Good integration of wind and solar power into the energy system can make the difference between a problematic and a success story. 

Planners must ask questions like:  

  • How much wind and solar is optimal under different assumptions about fuel prices and policy goals? 
  • Where to locate the plants? 
  • How to balance the varying generation? 
  • In Ethiopia: What is the role of hydro power in the green transition?


Ea Energy Analyses is assisting Governments and power companies around the world with use of the Balmorel model. The Balmorel model is a power sector model that can analyse large power systems. Optimal dispatch of plants and least-cost investment in both generation and transmission can be computed. Scenarios for possible future development for the next 10 to 30 years can be compared.
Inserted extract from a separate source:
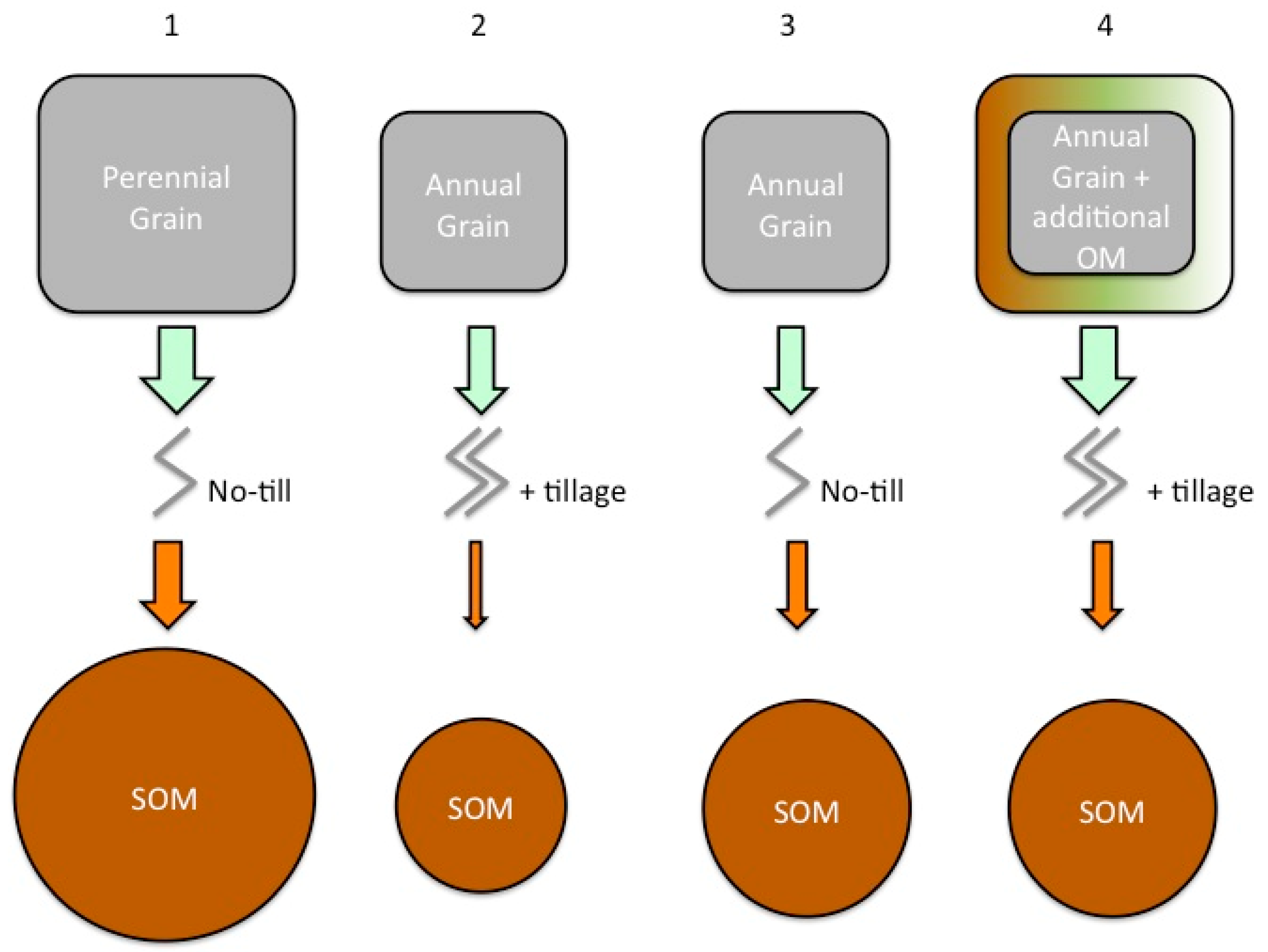 Sustainability 09 00578 g002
The model works with hourly time resolution, which is crucial in relation to variable renewable energy like wind and solar power.  
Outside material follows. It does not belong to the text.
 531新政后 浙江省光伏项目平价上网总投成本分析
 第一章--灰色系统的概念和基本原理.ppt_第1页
The model is open source and is used in Denmark, the Nordic countries, the Baltic countries, all of Europe, Mexico, Indonesia, Vietnam, China, Turkey, Egypt, South Africa and Eastern Africa. 

In an analysis of the best power expansion possibilities in East Africa, the wind and solar resources were described with detailed data (wind speed and solar irradiation) for 50 potential sites in Sudan, Ethiopia and Kenya. 
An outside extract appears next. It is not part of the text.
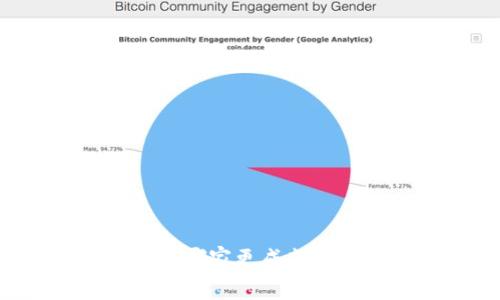 区块链技术平台哪家更成熟？深入分析与对比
Several scenarios were analysed, e.g. a least-cost scenario with no policy restrictions, a high fuel scenario, high CO2 price, delayed wind and solar expansion, as well as high and low interest rate. 


The results indicate that the best business cases for wind and solar was in Sudan and Kenya – because of good wind resources and because of higher electricity costs in those countries.  

Ethiopia, on the other hand, will have an important role in balancing the varying wind and solar generation. Optimal flow on the transmission lines between the countries is clearly determined by the generation from wind and solar power. 

The analyses highlighted the importance of dynamic trade: The wind and solar generation in the countries vary, and may give incentive to a power flow to the North (from cheap to expensive power) in one hour, while a few hours later the direction may be opposite.